There is a moment early on in Arsene Lupin when the reader may warm to this story of yet another gentleman thief. We are told that Lupin has previously robbed the odious millionaire Gournay-Martin, but only to return funds taken by Gournay-Martin from the less wealthy, and return them to their rightful owners.
This would seem to pitch Lupin as more of a Robin Hood than a Raffles. Raffles was a wealthy burglar and ingenious, but he is essentially a downright rascal, and capable of sinking to low means to get his way.
Lupin is comparatively charming. He makes a virtue of stealing from the rich, and giving money to the poor. He despises the wealthy. For him, burglary is a game, and he improbably informs his intended victim of the date and time of day when he intends to take the items. From there, the fun is counting down to that moment knowing that Lupin will probably succeed, no matter how many police officers are guarding the items.
There are rules for Lupin though. He is partial to young ladies, and will seek to protect them from harm, or from being blamed for his crimes. He will not seriously rough up the police or his victims, and he will kill nobody. This is crime as sport, and something that belongs to a fantasy world away from the real ugly business of theft and burglary.
However there are limits to how far we should see Lupin as a defender of the poor against the rich. Many of the stolen items seem to be taken for the sheer pleasure of it. Do all these items go to help poor people?
In any case, once Lupin finally appears as himself in the story, we discover that his gang of accomplices are actually his faithful servants. Yes, it seems that Lupin is a member of the idle classes of the wealthy himself.
This casts a new glimpse on his targets in the book. Lupin is seeking to humiliate a capitalist businessman who values money for its own sake, artefacts for their financial value, and bettering himself at the expense of others.

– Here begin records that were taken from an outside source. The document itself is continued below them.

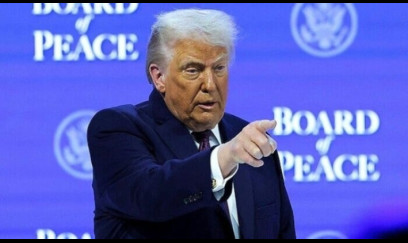 Məhkəmədən Trampa AĞIR ZƏRBƏ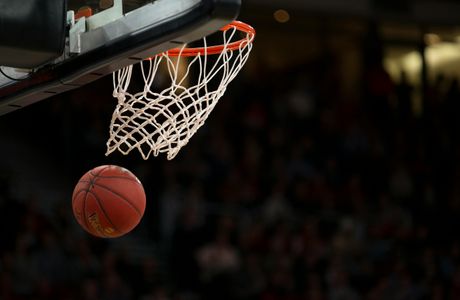 Slam Dunk Moment — 100-piece jigsaw puzzle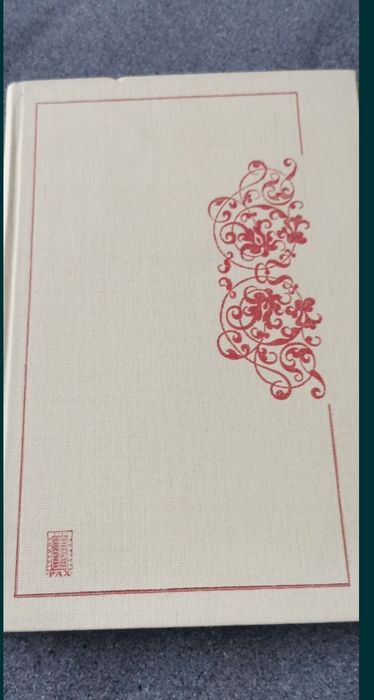 Juliusz Nowak Dłużewski
 Studia i szkice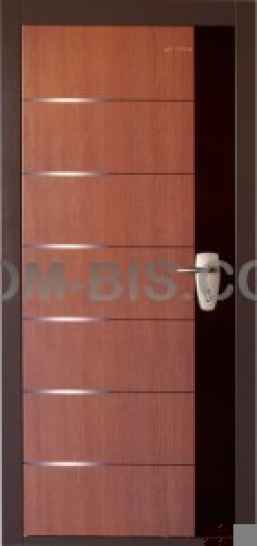 Стальные двери Pandoor Evolution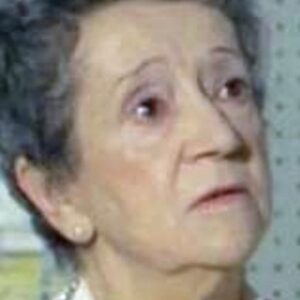 Yvonne Gamy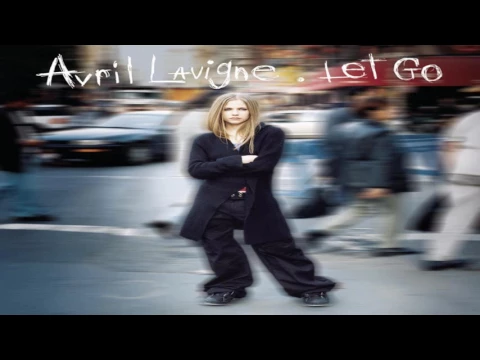 Download MP3 Avril Lavigne - Unwanted .mp3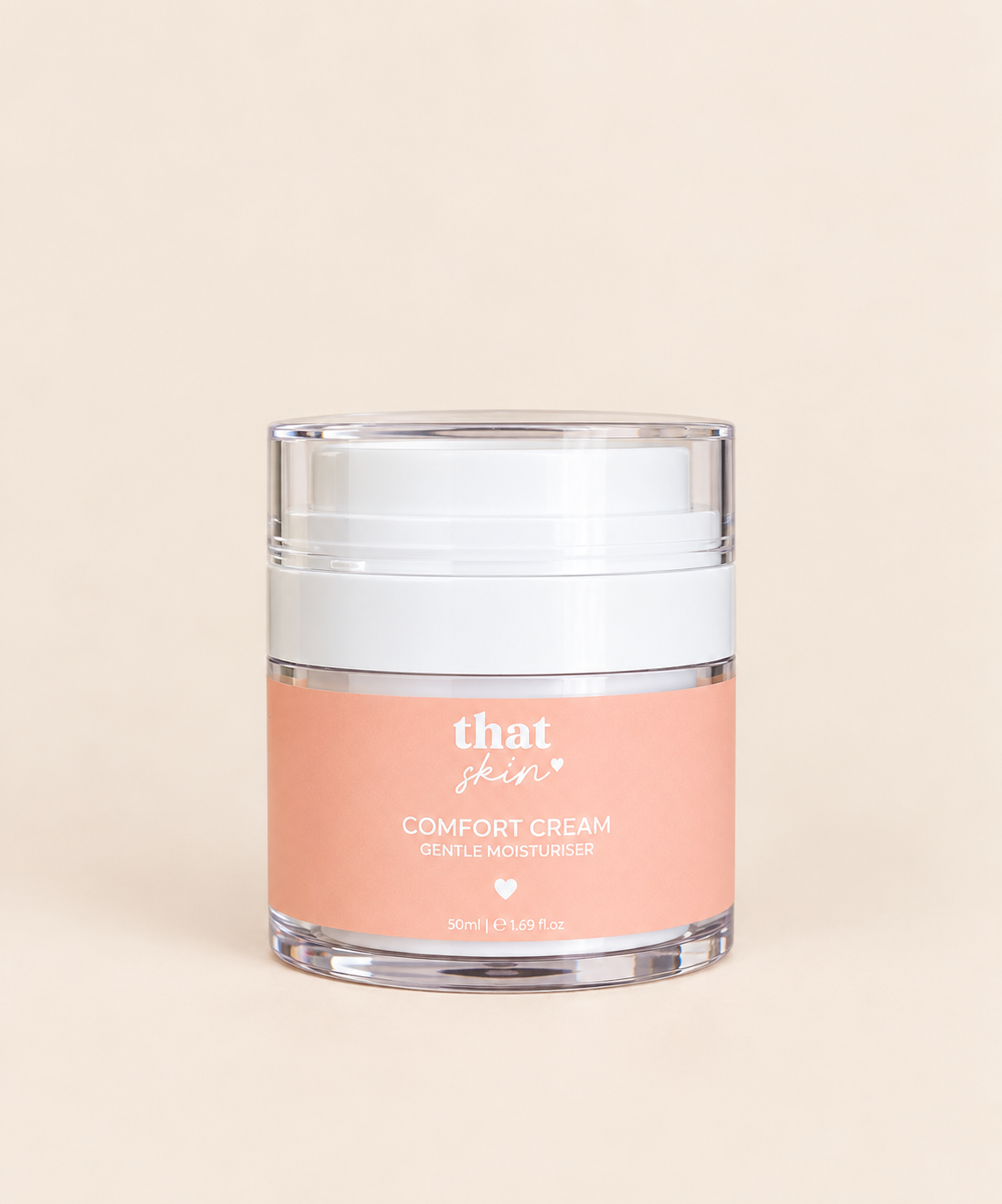 Balancing Act Moisturiser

Yet perhaps what Lupin really dislikes is work. He is a wealthy idler who has time and resources to plough into his criminal activities, whereas Gournay-Martin is a man who works for a living in the grubby field of business. He is admittedly an unpleasant man, and I doubt many readers will pity his sufferings.
A similar contempt comes into Lupin’s attitude towards the two detectives. Formery, the examining magistrate, is a man of little intelligence or imagination. He cannot even believe the evidence of his senses that Lupin is behind the crimes planned and undertaken.
Guerchard is the sharper detective, and he comes close to giving Lupin a run for his money at times. However the original author Maurice Leblanc and the man who converted this into a novel Edgar Jepson seem to share Lupin’s own opinion that Guerchard is Lupin’s intellectual inferior.
A successful criminal, it seems, has to be someone from the superior upper classes. There is no Sherlock Holmes figure here, though it is clear that Leblanc and Jepson would like there to be one. There is a sly reference to “Holmlock Shears, the great English detective” who was outwitted by Lupin, which is much as copyright laws would have allowed at the time.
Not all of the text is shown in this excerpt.